Nessuna certezza sul numero dei morti - Tutti gli altri sono andati a fondo. Settecento? Novecento? Nessuno lo saprà mai davvero. E anche i racconti dei superstiti non consentono di avere certezze perché nessuno di loro è davvero in grado di dire quanti disperati i trafficanti hanno stipato alla partenza. Quel che invece è certo è che quel barcone maledetto era come l'inferno di Dante, diviso in gironi.
Il peschereccio come un inferno dantesco - "Il peschereccio aveva tre livelli - ha raccontato il giovane sopravvissuto del Bangladesh ricoverato all'ospedale di Catania -: quello più basso era la stiva e centinaia di persone sono state costrette ad entrare lì dentro. Poi i trafficanti hanno chiuso i boccaporti, per evitare che uscissero durante la navigazione". Il secondo livello era invece quello della piccola cabina che c'è in coperta, all'altezza della murata del barcone. "Anche qui erano stipate centinaia di persone". Infine quelli sul ponte, i più fortunati: i sopravvissuti erano tutti qui.
Fermati gli scafisti del naufragio - Le forze dell'ordine hanno fermato un tunisino di 27 anni, Mohammed Alì Malek, ritenuto il comandante, e un siriano di 25 anni, Mahmud Bikhit, indicato come componente dell'equipaggio. Sarebbero i due "scafisti" responsabili del naufragio avvenuto al largo della Libia. Il loro fermo, disposto dalla Procura di Catania, è stato eseguito da personale della guardia costiera, dello Sco della polizia di Stato di Roma e dalla squadra mobile della Questura di Catania.

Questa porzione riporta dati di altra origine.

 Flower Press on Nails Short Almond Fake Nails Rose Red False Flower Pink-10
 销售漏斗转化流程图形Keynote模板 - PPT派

Scafista fermato a Bolzano - La polizia di Bolzano, in collaborazione con le squadre mobili di Trapani e di Reggio Calabria, ha invece fermato un 19enne senegalese accusato di essere stato lo scafista di un barcone affondato il 12 aprile, a 80 miglia dalle coste libiche. A bordo dell'imbarcazione di legno, partita dalla città di Zuara, c'erano 500 migranti. Il senegalese è stato rintracciato in un centro di prima accoglienza, dove era in attesa della risposta alla sua richiesta di asilo.